Goal of the exercise: All the records below must be returned exactly as they stand.

Records to process:
# # # # #

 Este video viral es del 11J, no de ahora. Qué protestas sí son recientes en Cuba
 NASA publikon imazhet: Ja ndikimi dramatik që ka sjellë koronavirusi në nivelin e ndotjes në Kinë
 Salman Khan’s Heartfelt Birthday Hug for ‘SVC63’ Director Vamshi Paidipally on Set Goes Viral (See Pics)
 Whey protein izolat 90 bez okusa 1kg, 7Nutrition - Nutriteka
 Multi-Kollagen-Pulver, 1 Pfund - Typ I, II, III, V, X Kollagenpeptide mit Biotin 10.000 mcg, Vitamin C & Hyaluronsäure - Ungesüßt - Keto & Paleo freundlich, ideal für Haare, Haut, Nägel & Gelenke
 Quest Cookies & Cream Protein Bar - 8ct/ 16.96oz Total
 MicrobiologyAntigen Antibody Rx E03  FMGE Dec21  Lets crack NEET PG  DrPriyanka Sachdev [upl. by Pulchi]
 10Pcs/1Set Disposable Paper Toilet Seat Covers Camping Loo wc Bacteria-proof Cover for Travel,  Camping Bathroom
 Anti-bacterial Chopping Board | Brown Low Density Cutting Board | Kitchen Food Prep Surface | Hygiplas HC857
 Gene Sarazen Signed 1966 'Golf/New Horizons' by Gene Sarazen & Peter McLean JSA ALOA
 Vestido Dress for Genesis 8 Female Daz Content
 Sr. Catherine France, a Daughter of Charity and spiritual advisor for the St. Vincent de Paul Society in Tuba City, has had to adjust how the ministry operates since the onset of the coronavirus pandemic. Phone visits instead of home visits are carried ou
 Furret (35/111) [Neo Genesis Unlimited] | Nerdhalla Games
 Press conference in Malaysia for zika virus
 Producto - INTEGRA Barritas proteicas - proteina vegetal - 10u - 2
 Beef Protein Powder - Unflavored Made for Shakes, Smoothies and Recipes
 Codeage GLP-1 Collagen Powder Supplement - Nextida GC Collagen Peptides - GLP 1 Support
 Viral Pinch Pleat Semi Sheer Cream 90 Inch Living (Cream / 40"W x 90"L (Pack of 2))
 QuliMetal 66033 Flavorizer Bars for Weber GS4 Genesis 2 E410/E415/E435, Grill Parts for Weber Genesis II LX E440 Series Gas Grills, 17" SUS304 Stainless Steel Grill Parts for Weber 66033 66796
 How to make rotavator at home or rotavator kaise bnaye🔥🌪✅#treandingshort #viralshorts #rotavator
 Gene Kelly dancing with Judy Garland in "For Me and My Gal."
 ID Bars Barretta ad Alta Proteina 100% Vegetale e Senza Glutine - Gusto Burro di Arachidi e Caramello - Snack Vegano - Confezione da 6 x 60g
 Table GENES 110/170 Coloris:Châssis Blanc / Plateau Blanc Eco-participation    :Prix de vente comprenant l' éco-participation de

# # # # #

Output for this task:
 Este video viral es del 11J, no de ahora. Qué protestas sí son recientes en Cuba
 NASA publikon imazhet: Ja ndikimi dramatik që ka sjellë koronavirusi në nivelin e ndotjes në Kinë
 Salman Khan’s Heartfelt Birthday Hug for ‘SVC63’ Director Vamshi Paidipally on Set Goes Viral (See Pics)
 Whey protein izolat 90 bez okusa 1kg, 7Nutrition - Nutriteka
 Multi-Kollagen-Pulver, 1 Pfund - Typ I, II, III, V, X Kollagenpeptide mit Biotin 10.000 mcg, Vitamin C & Hyaluronsäure - Ungesüßt - Keto & Paleo freundlich, ideal für Haare, Haut, Nägel & Gelenke
 Quest Cookies & Cream Protein Bar - 8ct/ 16.96oz Total
 MicrobiologyAntigen Antibody Rx E03  FMGE Dec21  Lets crack NEET PG  DrPriyanka Sachdev [upl. by Pulchi]
 10Pcs/1Set Disposable Paper Toilet Seat Covers Camping Loo wc Bacteria-proof Cover for Travel,  Camping Bathroom
 Anti-bacterial Chopping Board | Brown Low Density Cutting Board | Kitchen Food Prep Surface | Hygiplas HC857
 Gene Sarazen Signed 1966 'Golf/New Horizons' by Gene Sarazen & Peter McLean JSA ALOA
 Vestido Dress for Genesis 8 Female Daz Content
 Sr. Catherine France, a Daughter of Charity and spiritual advisor for the St. Vincent de Paul Society in Tuba City, has had to adjust how the ministry operates since the onset of the coronavirus pandemic. Phone visits instead of home visits are carried ou
 Furret (35/111) [Neo Genesis Unlimited] | Nerdhalla Games
 Press conference in Malaysia for zika virus
 Producto - INTEGRA Barritas proteicas - proteina vegetal - 10u - 2
 Beef Protein Powder - Unflavored Made for Shakes, Smoothies and Recipes
 Codeage GLP-1 Collagen Powder Supplement - Nextida GC Collagen Peptides - GLP 1 Support
 Viral Pinch Pleat Semi Sheer Cream 90 Inch Living (Cream / 40"W x 90"L (Pack of 2))
 QuliMetal 66033 Flavorizer Bars for Weber GS4 Genesis 2 E410/E415/E435, Grill Parts for Weber Genesis II LX E440 Series Gas Grills, 17" SUS304 Stainless Steel Grill Parts for Weber 66033 66796
 How to make rotavator at home or rotavator kaise bnaye🔥🌪✅#treandingshort #viralshorts #rotavator
 Gene Kelly dancing with Judy Garland in "For Me and My Gal."
 ID Bars Barretta ad Alta Proteina 100% Vegetale e Senza Glutine - Gusto Burro di Arachidi e Caramello - Snack Vegano - Confezione da 6 x 60g
 Table GENES 110/170 Coloris:Châssis Blanc / Plateau Blanc Eco-participation    :Prix de vente comprenant l' éco-participation de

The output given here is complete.